En début de cérémonie, la mangaka Moto Hagio reçoit un fauve d’honneur. Le FIBD lui avait organisé une magnifique rétrospective, ainsi que nous vous l’avions décrite dans nos différents articles. Cette autrice charnière dans l’histoire de la bande dessinée japonaise, avec ses collègues de la génération dite du « Groupe de l’An 24 », est réputée pour avoir bousculé le shōjo traditionnel en lui permettant de rayonner au-delà de son lectorat-cible habituel, composé de jeunes filles.
Prix René Goscinny
Deux prix ont été décernés, tous deux pour des albums paru chez Dargaud. Tout d’abord pour la meilleure scénariste récompensant Julie Birmant pour le premier tome de Dali avec Clément Oubrerie au dessin (Dargaud). Ensuite le prix du jeune scénariste attribué à Simon Boileau pour La Ride, dessiné par Florent Pierre.
Fauve polar SNCF voyageurs
L’album Contrition réalisé par Keko & Carlos Portela (traduction d’Alexandra Carrasco chez Denoël Graphic remporte le fauve polar SNCF. En théologie, la contrition est un regret, un chagrin profond d’avoir commis un acte impie avec la promesse de ne plus jamais l’accomplir. L’album de Keko (dessins) et Carlos Portella (scénario) campe son intrigue dans le quartier de Contrition dans le comté de Palm Beach en Floride où se regroupent des ex-condamnés pour des crimes sexuels afin de les éloigner de leurs victimes.
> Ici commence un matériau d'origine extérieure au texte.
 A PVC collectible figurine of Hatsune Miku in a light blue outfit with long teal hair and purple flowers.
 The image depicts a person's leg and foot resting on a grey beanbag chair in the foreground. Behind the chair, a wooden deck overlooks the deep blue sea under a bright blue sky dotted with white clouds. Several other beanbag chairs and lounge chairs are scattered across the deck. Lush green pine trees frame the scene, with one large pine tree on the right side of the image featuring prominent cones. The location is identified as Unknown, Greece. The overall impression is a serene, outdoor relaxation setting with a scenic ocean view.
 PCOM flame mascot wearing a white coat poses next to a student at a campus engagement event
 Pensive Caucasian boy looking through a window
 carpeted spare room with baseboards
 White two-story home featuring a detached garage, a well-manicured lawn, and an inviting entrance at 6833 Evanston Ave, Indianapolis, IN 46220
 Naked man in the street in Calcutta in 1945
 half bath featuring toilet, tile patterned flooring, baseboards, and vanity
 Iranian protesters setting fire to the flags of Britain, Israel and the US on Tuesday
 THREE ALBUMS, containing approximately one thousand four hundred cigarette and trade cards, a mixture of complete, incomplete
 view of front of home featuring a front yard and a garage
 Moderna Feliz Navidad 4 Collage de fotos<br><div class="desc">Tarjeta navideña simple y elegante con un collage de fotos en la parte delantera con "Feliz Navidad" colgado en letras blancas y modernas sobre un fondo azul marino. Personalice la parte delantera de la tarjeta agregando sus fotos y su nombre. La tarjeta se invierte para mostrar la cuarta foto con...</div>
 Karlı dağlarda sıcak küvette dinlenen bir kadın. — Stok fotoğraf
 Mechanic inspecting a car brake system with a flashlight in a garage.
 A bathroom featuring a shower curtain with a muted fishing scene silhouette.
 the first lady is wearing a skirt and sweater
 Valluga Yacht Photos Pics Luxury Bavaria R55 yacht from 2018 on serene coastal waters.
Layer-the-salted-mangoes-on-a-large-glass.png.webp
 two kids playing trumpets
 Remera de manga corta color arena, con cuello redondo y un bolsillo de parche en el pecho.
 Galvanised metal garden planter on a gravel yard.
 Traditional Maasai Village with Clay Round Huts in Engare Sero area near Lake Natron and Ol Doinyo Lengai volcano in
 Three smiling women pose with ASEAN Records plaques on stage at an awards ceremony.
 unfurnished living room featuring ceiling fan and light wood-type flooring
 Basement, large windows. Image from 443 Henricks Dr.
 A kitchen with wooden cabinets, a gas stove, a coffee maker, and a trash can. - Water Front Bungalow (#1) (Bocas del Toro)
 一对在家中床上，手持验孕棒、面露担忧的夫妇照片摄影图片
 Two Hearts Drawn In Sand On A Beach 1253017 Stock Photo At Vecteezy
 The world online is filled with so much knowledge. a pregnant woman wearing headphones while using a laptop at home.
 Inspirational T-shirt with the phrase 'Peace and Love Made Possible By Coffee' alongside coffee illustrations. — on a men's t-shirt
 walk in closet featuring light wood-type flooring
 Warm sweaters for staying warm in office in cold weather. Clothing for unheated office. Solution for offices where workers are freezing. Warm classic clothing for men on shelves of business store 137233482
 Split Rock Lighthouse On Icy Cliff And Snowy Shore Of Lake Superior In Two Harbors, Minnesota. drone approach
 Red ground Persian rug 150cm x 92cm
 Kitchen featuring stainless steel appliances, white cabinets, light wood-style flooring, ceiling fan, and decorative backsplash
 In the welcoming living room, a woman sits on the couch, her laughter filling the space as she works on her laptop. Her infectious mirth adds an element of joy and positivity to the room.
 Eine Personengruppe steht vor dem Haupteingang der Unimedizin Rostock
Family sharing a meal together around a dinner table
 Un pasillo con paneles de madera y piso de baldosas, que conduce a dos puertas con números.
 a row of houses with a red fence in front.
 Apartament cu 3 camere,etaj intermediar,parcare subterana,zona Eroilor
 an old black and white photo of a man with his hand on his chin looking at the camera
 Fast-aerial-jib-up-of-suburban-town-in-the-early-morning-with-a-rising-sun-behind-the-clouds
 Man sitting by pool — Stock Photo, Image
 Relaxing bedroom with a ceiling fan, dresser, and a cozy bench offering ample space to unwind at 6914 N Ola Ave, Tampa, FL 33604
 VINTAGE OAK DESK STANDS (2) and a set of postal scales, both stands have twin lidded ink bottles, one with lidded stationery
Fauve bande dessinée alternative
Le fanzine néerlandais Aline a été récompensé pour ses publications que l’on peut retrouver sur son site internet : ikbenaline (disponible uniquement en néerlandais). Il compte six numéros à ce jour, le dernier ayant sa couverture dessinée par Hélène Lespagnard.
Éco-fauve Raja
Frontier est un feu d’artifice graphique dans lequel Guillaume Singelin s’amuse, fidèle à lui même, à mixer les genres et les influences pour explorer de nombreux éléments : explorer une nouvelle humanité, condamnée par l’industrie à vivre loin de son berceau originel ; une humanité qui s’est adaptée à une vie confinée, à une vie de labeur où le libre-arbitre et la fraternité ne sont plus les principaux horizons.
Fauve Patrimoine
« À quand l’édition française ? » Voilà la question que posait Anton Guzman dans son article de 2005 (oui, vous avez bien lu, « 2005 » !). Eh bien, la voilà enfin parue chez Onapratut / Le Portillon, et d’emblée récompensée comme il se doit.
Cet album est non seulement un témoignage d’une valeur incontestable sur un aspect de l’histoire japonaise plutôt méconnu, mais c’est aussi un manga en avance sur son temps.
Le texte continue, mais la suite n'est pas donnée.